Yesterday I watched four baby wrens and a doting mother who chirped her little lungs out for most of the afternoon. I’m emotionally invested in the family because Mama built her nest in our garage, taking advantage of a plastic shoebox securely positioned on a shelf. The garage door was a bit of an issue, but everyone knows you make adjustments for family.

The Empty NestThe babies hatched early last week and four sets of startled eyes peered at me when I took a cautious peek. Yesterday, she kicked them out of the nest. I thought it was way too soon, but she didn’t ask my opinion.

Jim and I watched the family all afternoon. The babies hopped around in the grass, taking short flights from bush to tree and back again. Three of them seemed rather pleased with themselves, eager to fly a little higher. Number four was more hesitant, and actually hung out on our back porch for a while longer. He acted quite content, perched on the arm of the rocking chair. Mama prodded and called and finally he joined his siblings who were flitting across the yard.

I couldn’t help thinking about human families and how parents eventually work themselves out of a job.
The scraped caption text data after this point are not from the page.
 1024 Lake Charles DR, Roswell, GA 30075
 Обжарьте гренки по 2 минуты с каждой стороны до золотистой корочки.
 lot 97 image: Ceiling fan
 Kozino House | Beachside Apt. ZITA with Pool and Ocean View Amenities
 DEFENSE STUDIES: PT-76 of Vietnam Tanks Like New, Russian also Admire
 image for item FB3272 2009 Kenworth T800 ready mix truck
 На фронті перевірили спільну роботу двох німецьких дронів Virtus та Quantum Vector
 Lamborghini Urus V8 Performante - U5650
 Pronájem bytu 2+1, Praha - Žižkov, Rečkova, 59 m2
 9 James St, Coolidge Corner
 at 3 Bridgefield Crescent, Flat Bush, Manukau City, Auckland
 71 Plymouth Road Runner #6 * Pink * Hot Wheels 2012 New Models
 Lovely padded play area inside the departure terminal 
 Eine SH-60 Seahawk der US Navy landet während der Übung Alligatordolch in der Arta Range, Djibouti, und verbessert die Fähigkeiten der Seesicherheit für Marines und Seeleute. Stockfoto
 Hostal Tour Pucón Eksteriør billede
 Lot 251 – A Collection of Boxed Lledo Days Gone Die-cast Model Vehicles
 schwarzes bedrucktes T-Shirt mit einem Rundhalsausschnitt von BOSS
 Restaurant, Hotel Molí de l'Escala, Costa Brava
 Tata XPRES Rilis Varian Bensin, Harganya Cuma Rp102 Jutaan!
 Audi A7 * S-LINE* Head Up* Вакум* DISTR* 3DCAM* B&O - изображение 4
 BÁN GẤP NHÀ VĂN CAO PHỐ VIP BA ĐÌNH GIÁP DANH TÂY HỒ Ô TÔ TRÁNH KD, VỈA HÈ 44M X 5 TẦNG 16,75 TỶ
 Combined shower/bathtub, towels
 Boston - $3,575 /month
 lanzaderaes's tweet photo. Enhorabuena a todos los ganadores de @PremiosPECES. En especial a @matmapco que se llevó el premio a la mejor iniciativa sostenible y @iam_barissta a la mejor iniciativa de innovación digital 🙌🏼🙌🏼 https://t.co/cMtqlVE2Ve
Although the “people process” takes a few more years, there are similarities. At some point it’s time for the little ones to fly. Good moms and dads demonstrate the appropriate behavior, apply strategic parental pressure when necessary, and then stand close by with lots of support and encouragement.

My own kids left the nest a few years ago. I admit the transition was bittersweet — I wanted them to soar but I also liked my role as mama bird. “The launch” is a challenging time for most parents and even when we appear calm on the surface the emotions rumble underneath. At first we are concerned about our brood, but sooner or later we realize the kids are fine and we’re the ones who are struggling.

Yesterday my pastor, Josh Copron, made an insightful point. (I wanted to cheer but settled for a subdued “Amen.”) I can’t quote him exactly (sorry, Josh) but I’ll attempt to paraphrase. When we get our fulfillment from our profession, our physical appearance or even our family, we will struggle with meaning. Situations change. Sooner or later we realize that the identity we had as boss, beauty queen, or mom is fleeting.

We do damage to ourselves, and even our family when we attempt to cling to a role from the past instead of focusing on becoming the person God created us to be.  We are designed to make God known by loving and serving other people. When we embrace our purpose we can celebrate our kids’ milestones, and the passage of time, without the sense that we are losing ourselves. We will find the fulfillment we crave as we give our lives away in ways that uniquely suit our gifts and experiences.

I looked for Mama Bird this morning but I see no signs of her or the family. I’d love to watch another day but I’m confident she’s already busy doing the next thing God made her to do.